The toxic masculinity at the heart of nerd culture has been exposed—most noisily through Gamergate, but via plenty of other incidents as well. While sexism has been the most obvious motivator for these reactionaries, spillover into racism, homophobia, and transphobia are par for the course. At a fundamental level, this burst of nastiness is a reaction to the first real challenge to the privileged position of white men in nerd culture.
Things have degenerated into something of a civil war in nerd culture, and while it rages on, it is becoming abundantly clear that the good guys are going to win this one. I’m not so optimistic as to say that hatred and oppression will disappear, in nerd culture or anywhere else, but there is at least a growing consensus that those things are wrong, and deserving of criticism.
The doors are open, and white men no can longer dominate. But this change comes only after generations of being told that those stories are universal and vitally important. For years, white men never needed to share the stage, and the tales of others were pushed away. As we finally start to knock down the worldview that so deeply privileges one identity, it becomes imperative to reconstruct whiteness and masculinity as something new. Before, the construction of these identities was deeply rooted in claiming entitlement to a supreme position. Now, we need a construction which both rejects that entitlement and recognizes what enormous privilege remains.

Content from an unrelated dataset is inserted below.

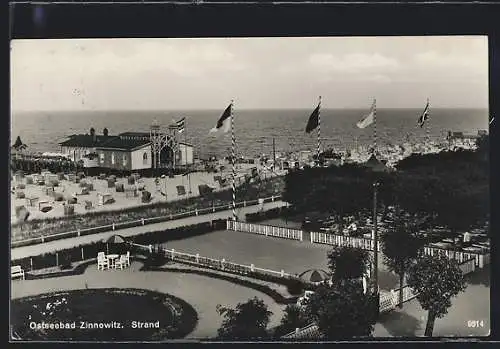AK Zinnowitz, Blick auf Promenade und Strand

Terrorist organizations, like the Ku Klux Klan, forced Reconstruction to end in the American South before its time, leading to an enormous and destructive backslide for civil rights. White men in nerd culture are now threatening or executing political violence for the same purposes. We need reconstruction to make sure they do not succeed. Comics, so long at the forefront of everything toxic about nerd masculinity and exclusivity, have taken up the call, and are finally white, male characters into new roles which fit in a diverse world. With any luck, these are not just changing stories, they’re going to be changing readers.